| Problem description |
For the data that follows, print the line with "Đề kiểm tra", the line with "May include: A", and all lines between them, exactly as they stand. Omit pictures and add nothing.

| Information |
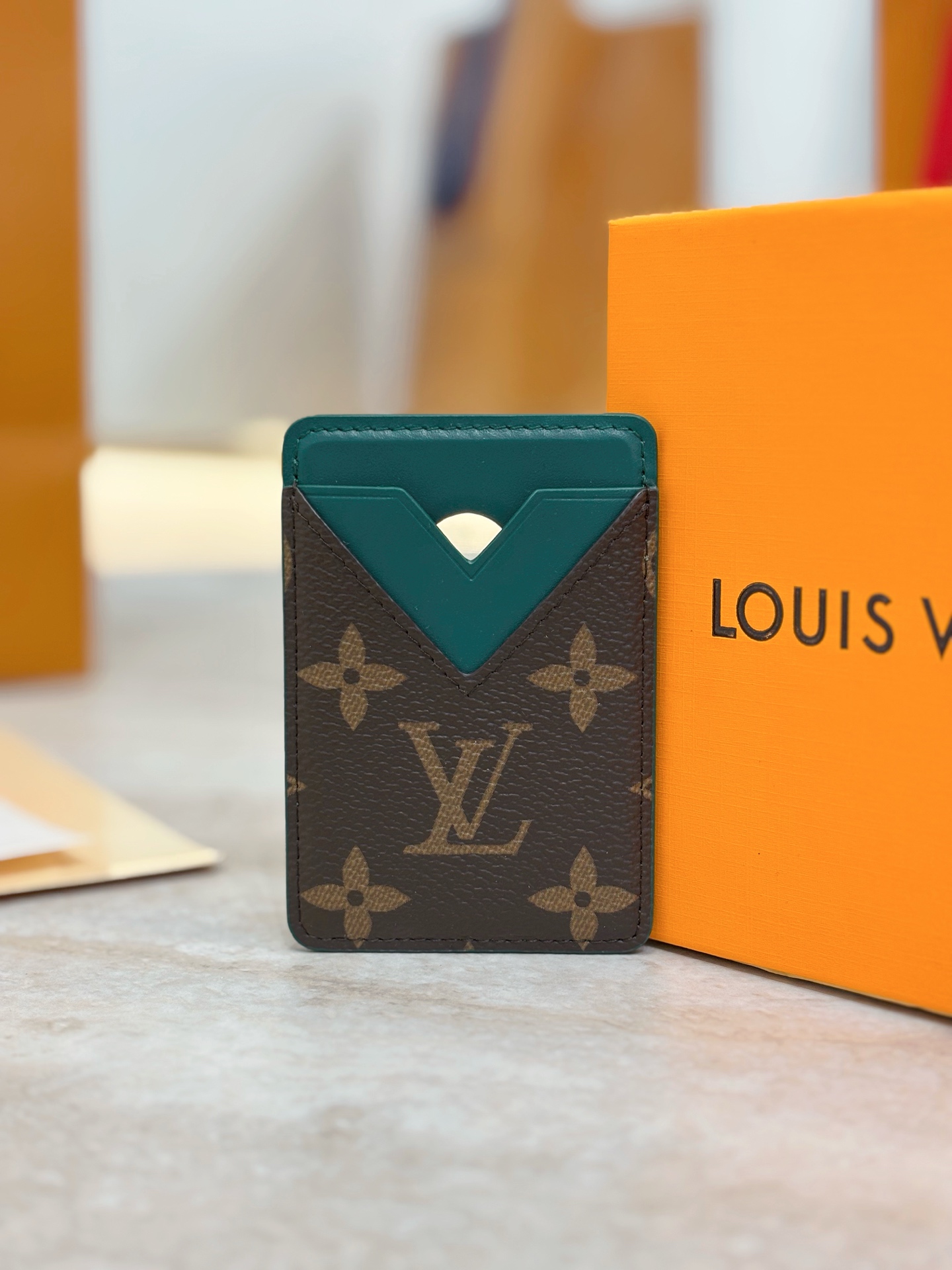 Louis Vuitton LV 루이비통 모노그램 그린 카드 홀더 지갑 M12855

...

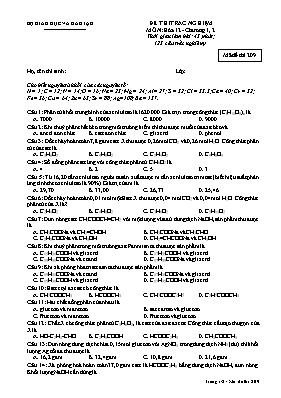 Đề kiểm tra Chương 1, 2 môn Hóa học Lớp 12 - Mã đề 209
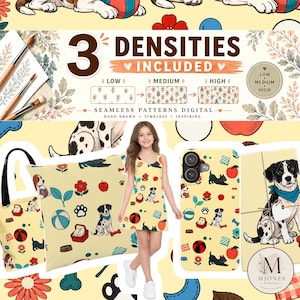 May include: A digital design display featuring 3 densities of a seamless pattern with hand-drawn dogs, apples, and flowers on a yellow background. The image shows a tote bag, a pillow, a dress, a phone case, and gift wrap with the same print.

| Result of the exercise |
 Đề kiểm tra Chương 1, 2 môn Hóa học Lớp 12 - Mã đề 209
 May include: A digital design display featuring 3 densities of a seamless pattern with hand-drawn dogs, apples, and flowers on a yellow background. The image shows a tote bag, a pillow, a dress, a phone case, and gift wrap with the same print.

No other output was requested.